╭─ Material provided

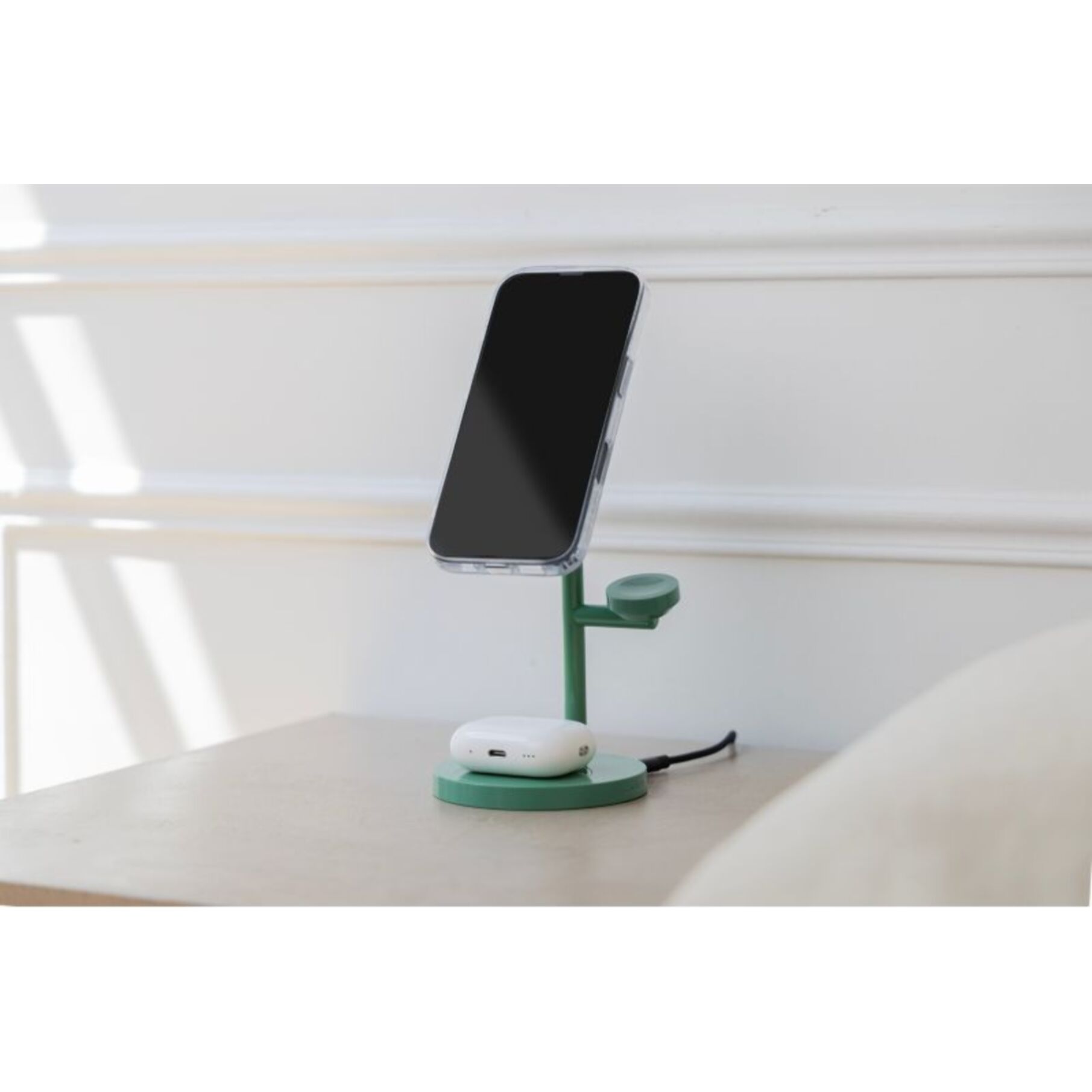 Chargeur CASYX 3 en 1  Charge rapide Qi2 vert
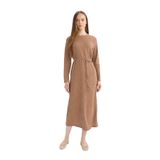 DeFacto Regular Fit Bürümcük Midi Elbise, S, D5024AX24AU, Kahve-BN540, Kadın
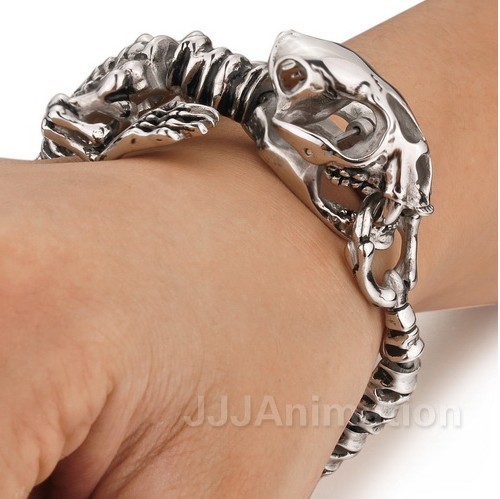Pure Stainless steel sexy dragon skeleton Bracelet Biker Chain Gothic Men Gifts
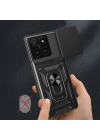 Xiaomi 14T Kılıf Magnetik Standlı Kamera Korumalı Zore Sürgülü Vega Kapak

╰─

▶ _Problem description_: Your answer should reproduce every line of the data verbatim and include no images.

▶ _Answer to this task_:
 Chargeur CASYX 3 en 1  Charge rapide Qi2 vert
 DeFacto Regular Fit Bürümcük Midi Elbise, S, D5024AX24AU, Kahve-BN540, Kadın
Pure Stainless steel sexy dragon skeleton Bracelet Biker Chain Gothic Men Gifts
 Xiaomi 14T Kılıf Magnetik Standlı Kamera Korumalı Zore Sürgülü Vega Kapak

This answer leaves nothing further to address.